Bir taraftan neoliberalizmin savunucuları ve uygulayıcıları,diğer taraftan buna karşı direnenler.
Bir taraftan, hizmetindeki uluslararası siyasi, askeri ve iktisadi örgütleri ve devletleriyle uluslararası tekeller, diğer taraftan buna karşı gelen milyonlar.
Bir taraftan uluslararası sermayenin ve üretimin yeniden örgütlenmesi, diğer taraftan bu örgütlenmenin zulmünü çeken yığınlar.

ASF,bu kavganın ortasında yer almıyor, “arabuluculuk” yapmıyor. Taraflı hareket ediyor. Bıçağın kemiğe dayandığına inanan işçi ve emekçi yığınlarını kapitalist düzenle, emperyalist küreselleşmeyle barıştırmaya çalışıyor.

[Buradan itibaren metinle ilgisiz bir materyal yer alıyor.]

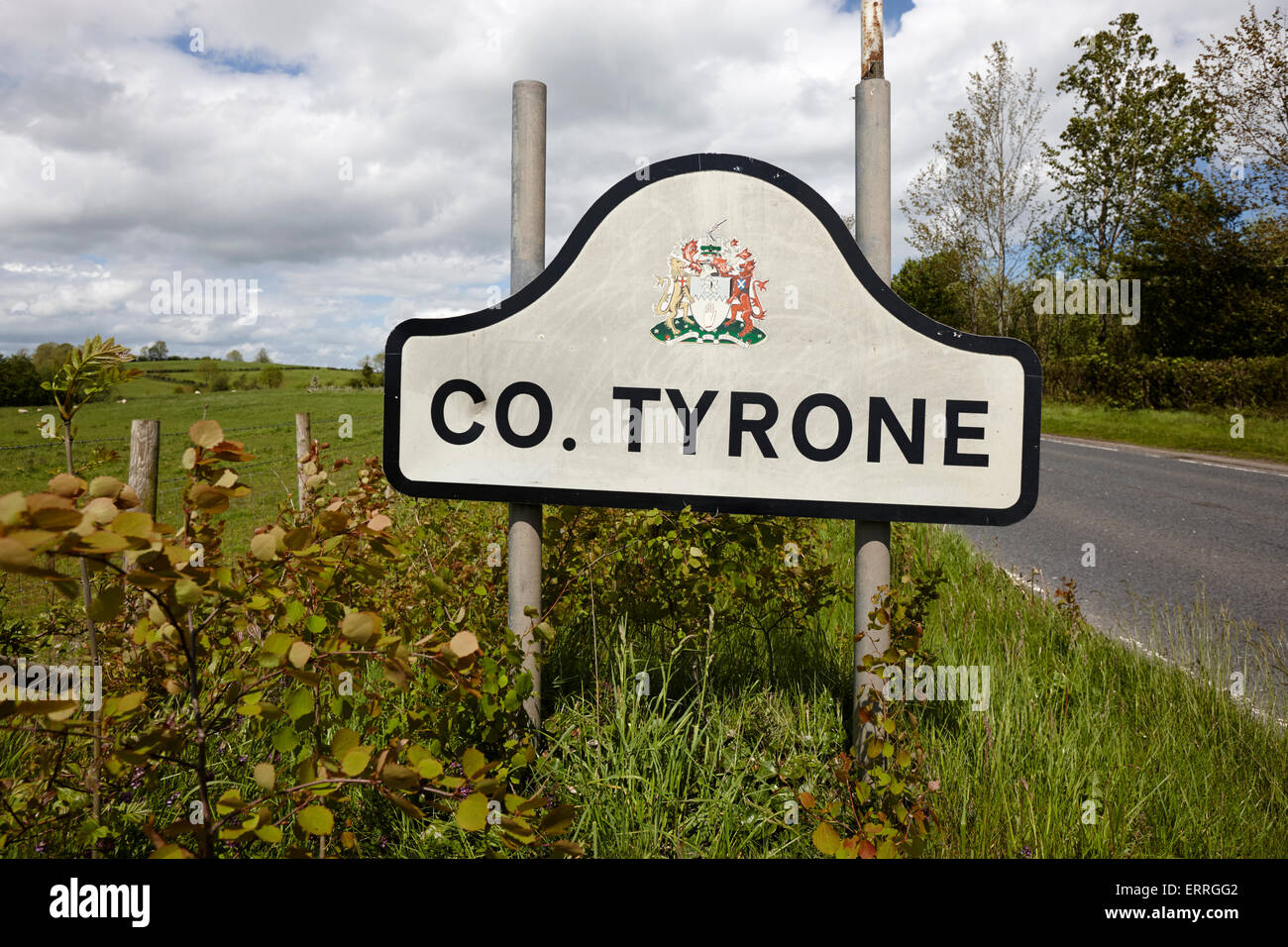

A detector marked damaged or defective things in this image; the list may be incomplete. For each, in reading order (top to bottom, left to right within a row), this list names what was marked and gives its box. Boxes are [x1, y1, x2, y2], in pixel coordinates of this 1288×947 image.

rusted pole top [860, 0, 881, 78]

ASF, bir taraftır. Emperyalizmin, reformizm ve pasifizm kılığına büründürdüğü bir truva atıdır. Henüz örgütsel olarak oluşmamış uluslararası işçi ve emekçi cephesini daha baştan içten fethetmek görevini üstlenmiş faaliyetin örgütsel biçimidir.

ASF, devrimci mücadelenin, devrimin önünde bir engeldir. İlericilik adına dünya emperyalist sisteminin en güncel, en modern savunucularıdır. Bu örgütlenmelerin bu karakteri, bu misyonları açığa çıkartılmadıkça, teşhir edilmedikçe, bunların peşine takılan dünya çapında milyonlarca işçi ve emekçi yığınları etkileme durumumuz söz konusu olamaz.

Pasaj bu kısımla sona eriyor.